Sounds of AI: ElevenLabs Adds AI-Generated Sounds to OpenAI's Sora

Voice technology company ElevenLabs has introduced a fun AI twist into OpenAI's newly released model, Sora, that generates videos from text prompts.

ElevenLabs integrated AI-generated sounds to enhance Sora, offering users a novel audiovisual experience. This development could signify a remarkable advancement in content creation, bridging the gap between visual and auditory elements in Sora-generated videos.

We were blown away by the Sora announcement but felt it needed something...

What if you could describe a sound and generate it with AI? pic.twitter.com/HcUxQ7Wndg
— ElevenLabs (@elevenlabsio) February 18, 2024

The Sounds of AI: ElevenLabs

Founded by former Google machine-learning engineer Piotr Dabkowski and ex-Palantir deployment strategist Mati Staniszewski in 2022, ElevenLabs has been at the forefront of voice AI innovation.

The company's expertise lies in natural speech synthesis and voice cloning technology, enabling users to create realistic AI voices across multiple languages and accents.

Now, ElevenLabs is expanding its repertoire by incorporating AI-generated sounds into Sora's high-resolution video clips. This addition aims to enhance the viewing experience by providing background audio that complements the visual content.

"We used text prompts like "waves crashing," "metal clanging," "birds chirping," and "racing car engine" to generate audio that we overlaid onto some of our favorite clips from the OpenAI Sora announcement," Eleven Labs wrote in a recent blog post.
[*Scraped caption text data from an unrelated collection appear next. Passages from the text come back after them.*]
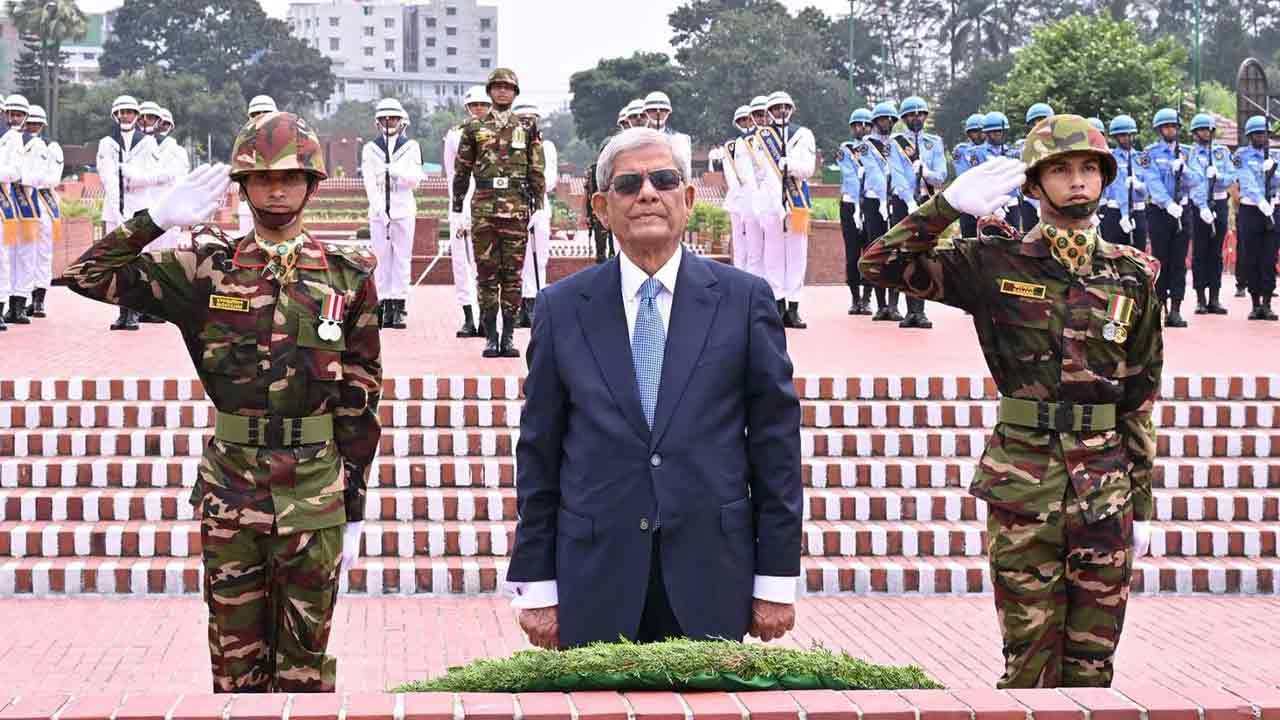 সাভারের জাতীয় স্মৃতিসৌধে পুষ্পস্তবক অর্পণ করে মহান মুক্তিযুদ্ধের বীর শহীদদের প্রতি শ্রদ্ধা নিবেদন করেছেন নবনির্বাচিত রাষ্ট্রপতি মির্জা ফখরুল ইসলাম আলমগীর। 
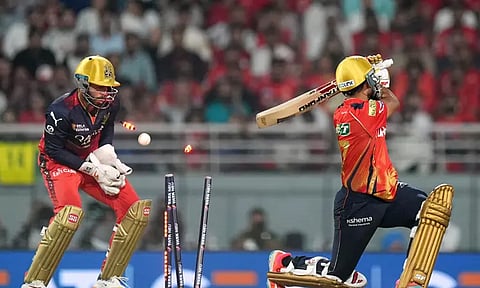 ஐ.பி.எல். தகுதி சுற்று 1: பஞ்சாப் அணி விக்கெட்டுகளை இழந்து தடுமாற்றம்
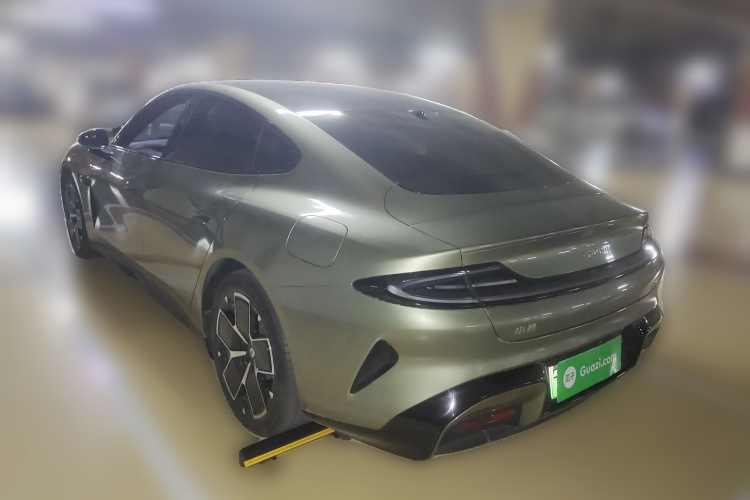 MI SU7 2025 car image #5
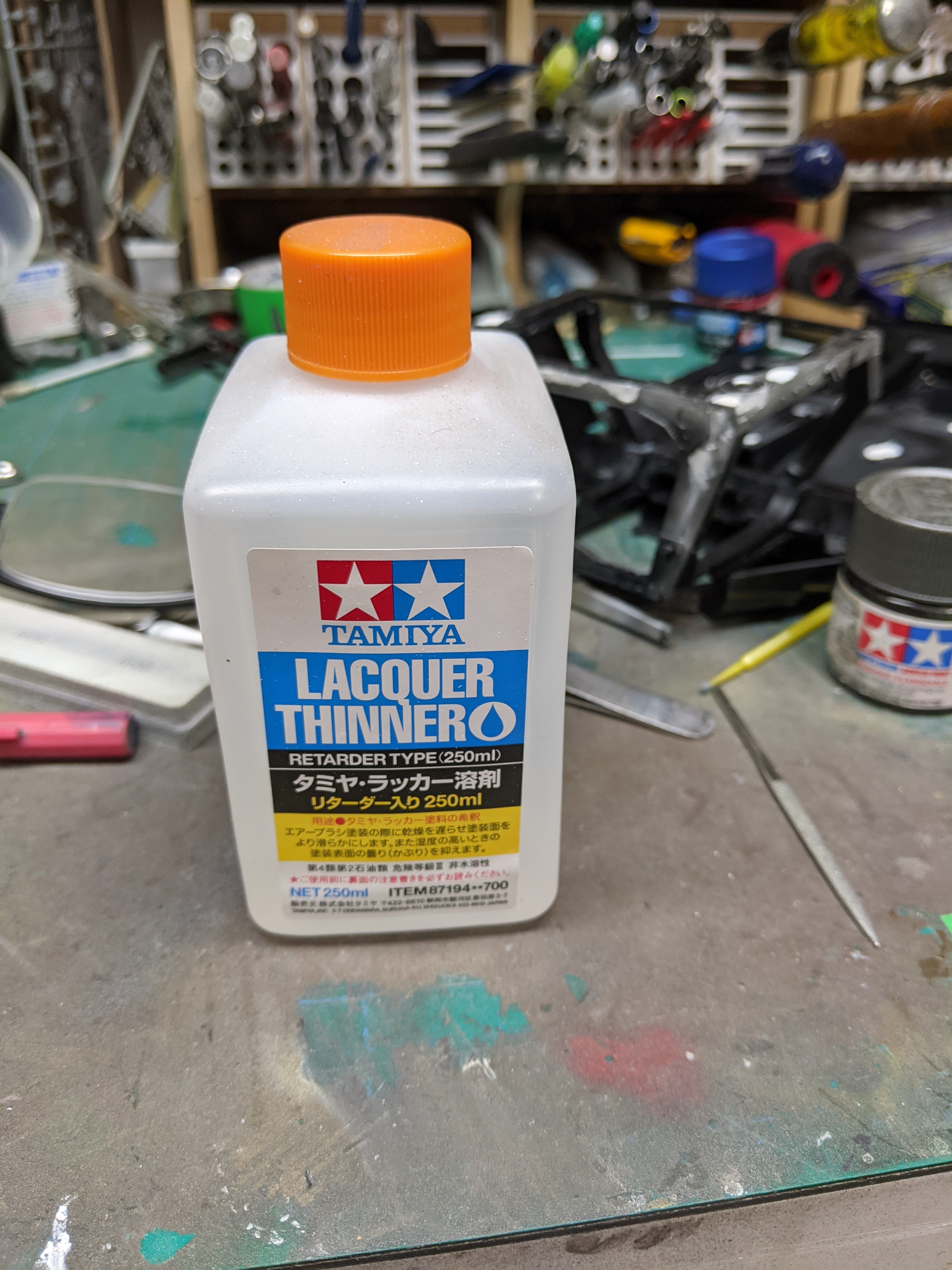 Mixing Tamiya paint with Mr. Color leveling thinner 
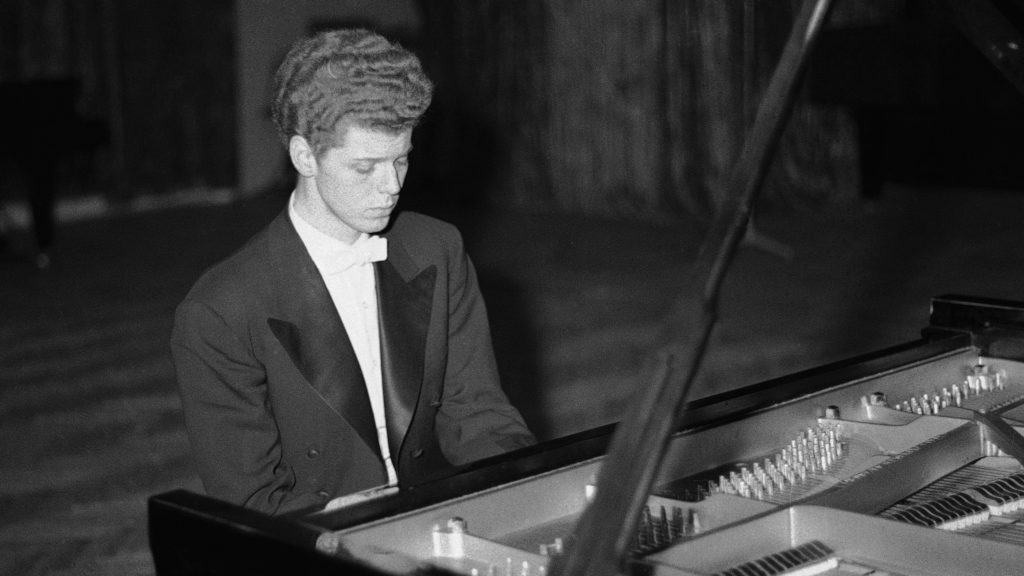 Van Cliburn moves through difficult passage in the final round of Tchaikovsky International Piano & Violin competition on April 11, 1958 in Moscow. CREDIT: AP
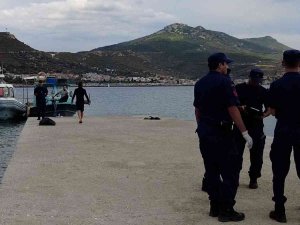 İ̇zmir’de 17 Yaşındaki Genç Denizde Boğuldu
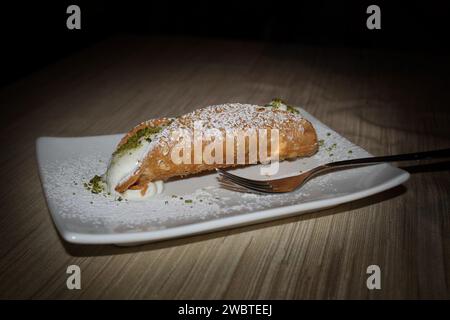 Cannoli siciliani, il fritto tradizionale di pasta farcita con crema dolce ripieno contenente la ricotta. Foto Stock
"We're thrilled by the excitement and support from the community and can't wait to get it into your hands," it added.

ElevenLabs AI Voice Technologies

In addition to its recent advancement with AI-generated sounds, ElevenLabs has made strides in the voice technology landscape. The company recently announced an $80 million Series B funding round, attracting investments from prominent venture capital firms.
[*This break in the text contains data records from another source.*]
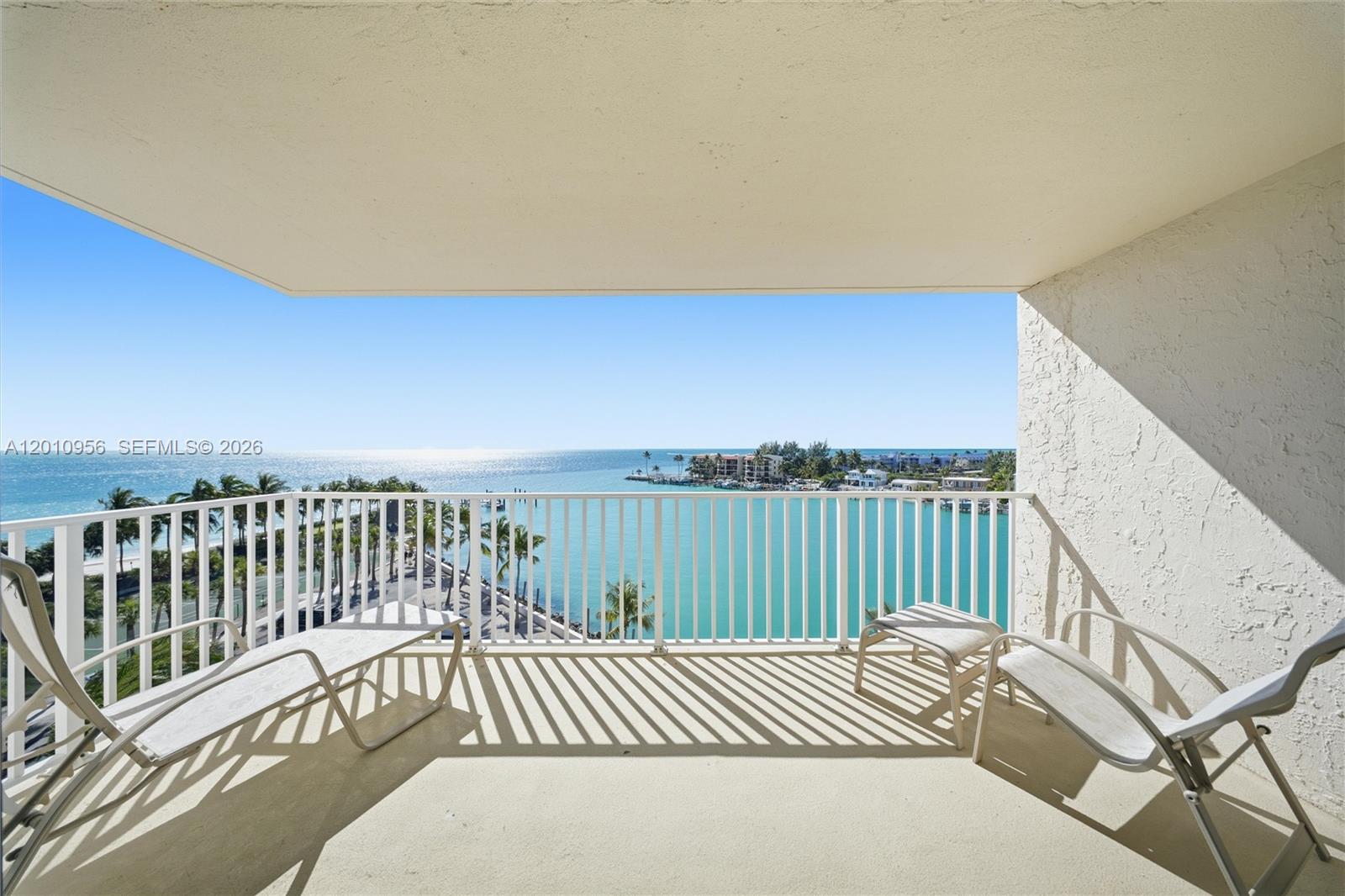 COCO PLUM BEACH - Residential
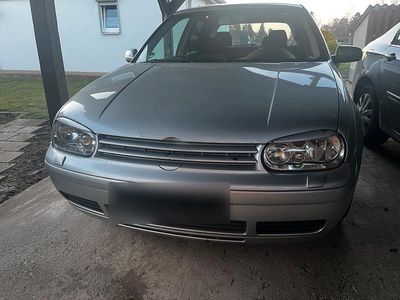 Gebraucht VW Golf IV 105 PS (77 kW) 2003 Silber Kleinwagen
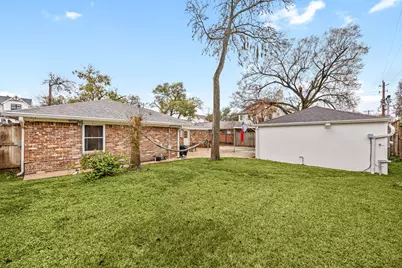 4114 Tartan Lane, Houston, TX 77025 - Photo 24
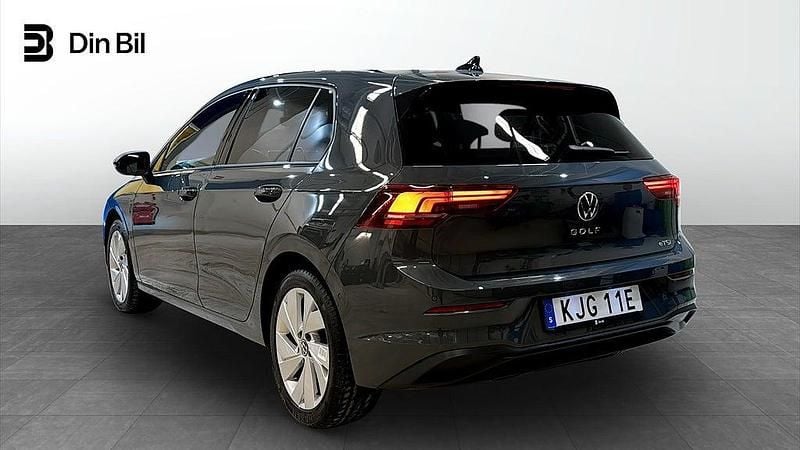 Begagnad VW Golf VIII Edition 150 HK (110 kW) 2025 Grå Halvkombi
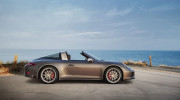 Porsche giới thiệu phiên bản đặc biệt 911 Targa 4 GTS Exclusive Manufaktur Edition giá hơn 5 tỷ đồng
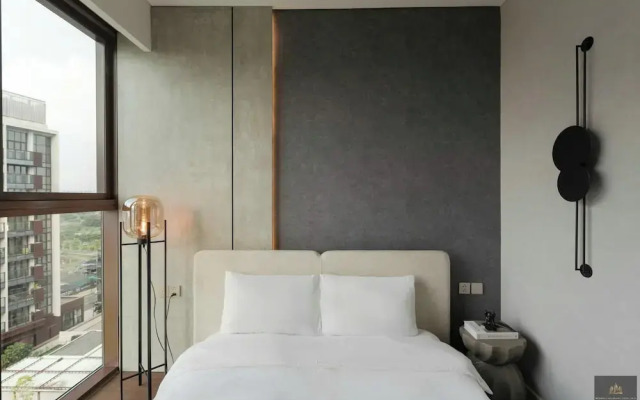 Metropole Residences Luxury Suite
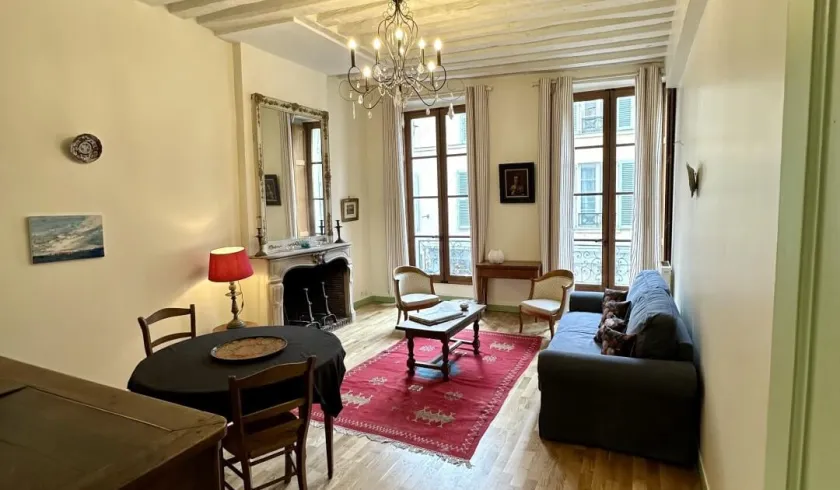 Location Versailles Appartement 66b9e07f9544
Since its inception, ElevenLabs has been committed to advancing voice AI research and product deployment. The company claims its technology has been adopted across various sectors, including publishing, gaming, media, and conversational AI.

Among its recent product developments is the Dubbing Studio, a workflow that enables users to dub entire movies and generate transcripts, translations, and timecodes. Additionally, ElevenLabs has launched a Voice Library marketplace, allowing users to share and monetize AI versions of their voices.
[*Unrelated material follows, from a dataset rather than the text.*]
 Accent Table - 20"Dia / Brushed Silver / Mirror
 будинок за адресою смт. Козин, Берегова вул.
With a focus on safety and responsible AI development, ElevenLabs has implemented measures to ensure the authenticity and integrity of AI-generated content.

That includes the development of an AI Speech Classifier to verify the origin of audio samples and the introduction of safeguards to enhance safety in the public domain.

OpenAI Unveils Sora

OpenAI introduced the Sora model last week, showcasing significant advancements in text-to-video technology. While this innovation promises to revolutionize content creation, OpenAI has taken cautious steps, limiting public access until thorough evaluations of its potential implications have been conducted.

Instead, access is currently restricted to a select group of academics and researchers tasked with scrutinizing the model's capabilities and assessing potential risks.

Sora can generate intricate scenes based on textual descriptions featuring multiple characters, dynamic movements, and detailed environments. Its understanding of language extends beyond the mere interpretation of text prompts, encompassing a deep comprehension of spatial relationships within the depicted scenarios.